Ken Abbarno and Co-Counsel Ben Crump Demand Video Footage of Terence Caffey’s Murder

Mar 16, 2022

ARKANSAS – DiCello Levitt partner Ken Abbarno and co-counsel for the family Ben Crump held a press conference March 16 at a local church in Little Rock, Arkansas, to demand accountability and the release of bodycam and security footage of the events leading to Terence Caffey’s death.

Caffey was pronounced dead at a Little Rock hospital after going into what the Pulaski County Sheriff’s Office called “medical distress” while in the custody of an off duty deputy on December 10, 2021.

Caffey, age 30, was on a date at the Movie Tavern theater seeing House of Gucci, when he walked into the lobby to buy popcorn and ended up dead “at the hands of security, law enforcement, and theater personnel,” Crump alleged.

Abbarno described the case as a “brutal murder.” Dr. Theodore Brown’s autopsy report and the death certificate, both written by individuals who work for the state, have identified this as a homicide. Abbarno said the autopsy describes a man in distress, bound at the feet and hands, with several adults holding him facedown.

The Pulaski County Sheriff Office’s initial statement claimed the deputy had just finished his shift when he saw Caffey in an altercation with several employees. The office says that when the deputy tried to arrest Caffey, “a struggle ensued,” that the Little Rock Police Department was called to assist with the arrest, and that officers called medical personnel to the scene to treat Caffey when he stopped breathing.

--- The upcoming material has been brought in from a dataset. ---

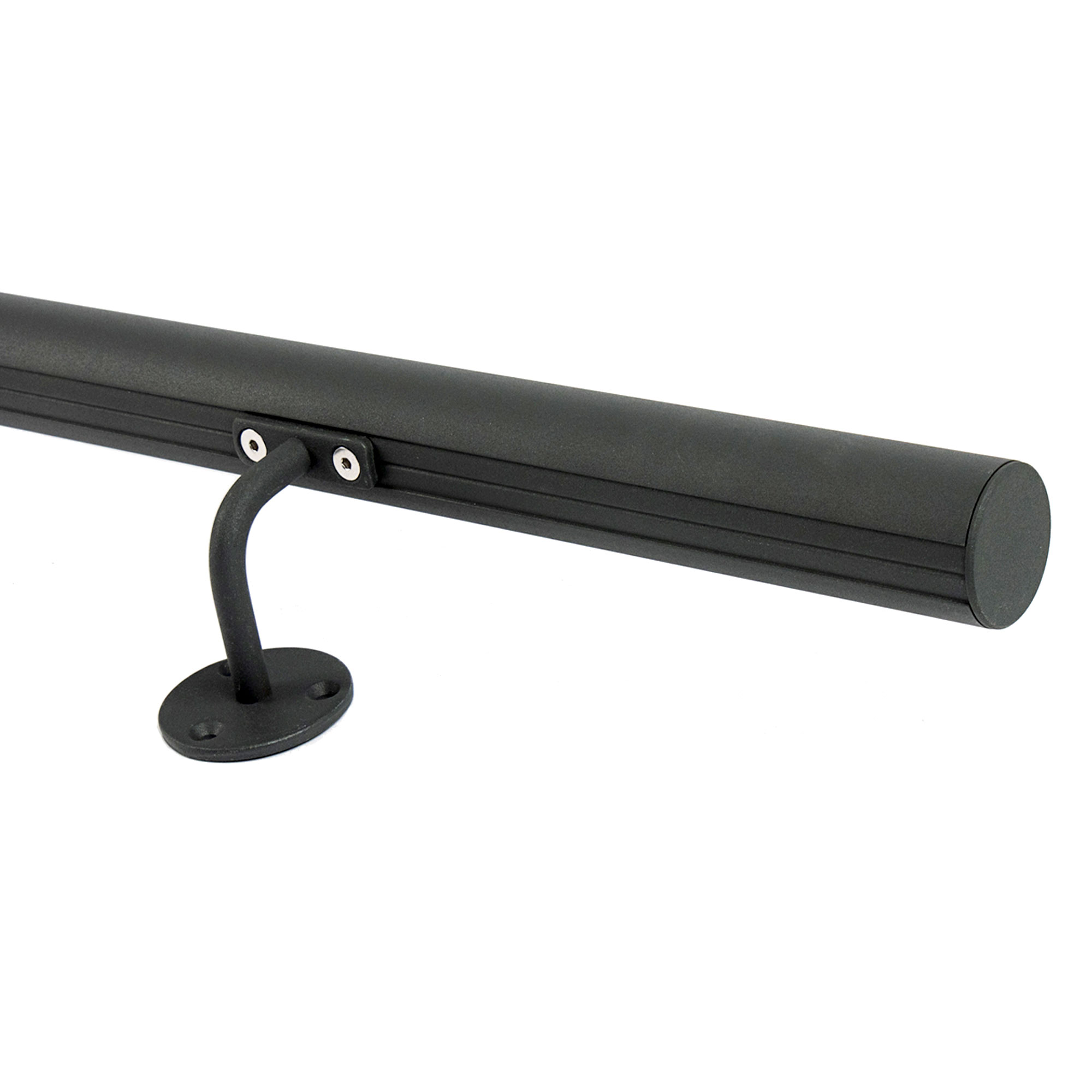 Dolle Handlaufset zur Wandmontage 1,5m Aluminium anthrazit, rund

Caffey was then transported to a local hospital. It is not clear if he died before, during, or after the drive to the hospital, but one viewer’s description of the video indicated Caffey was dead when the officers put him in the back of their cruiser and walked away, leaving him alone for several minutes.

“Why aren’t they showing us the video?” asked Ben Crump. “They don’t want you to see the video, because they know if you do you’re going to conclude that [Caffey] was the George Floyd of Little Rock,” he predicted. 

“This was an aggressive, brutal murder,” said Abbarno. Caffey was not an unusually large or intimidating 30-year-old man. His family described him as six feet tall and around 150 pounds. He wore a colostomy bag. The autopsy indicated Caffey was “bruised, battered, and bleeding” and had a hemorrhage over his hips.

“There’s much more out there that we have not yet had the opportunity to see,” said Abbarno. “We need to see the video so we will be able to hold the right people accountable for what happened.”

“Seeing the video is the only way we get justice for Terence Caffey,” reiterated Crump, calling for a boycott of the Movie Tavern.

“Unfortunately, I have watched the video, and there are images that I wish I could remove from my mind,” said attorney Marion Humphrey, Jr., who Crump described as the next generation. “In addition to telling them he couldn’t breathe, he said, ‘I’m dying,’” reported Humphrey.

Four Pulaski County sheriff’s office employees were placed on administrative leave pending an internal investigation but shortly returned to work because, according to department spokesman Lt. Cody Burk, county policy only allows for 10 days of paid administrative leave. The department released the news that the officers had returned to work on January 21 because “agency investigators are close to submitting their findings to prosecutors,” Burk said. Captain Mark Swagerty, the off duty officer who initiated contact with Caffey the night of his death, is restricted to non-law-enforcement duties, pending the conclusion of the investigation.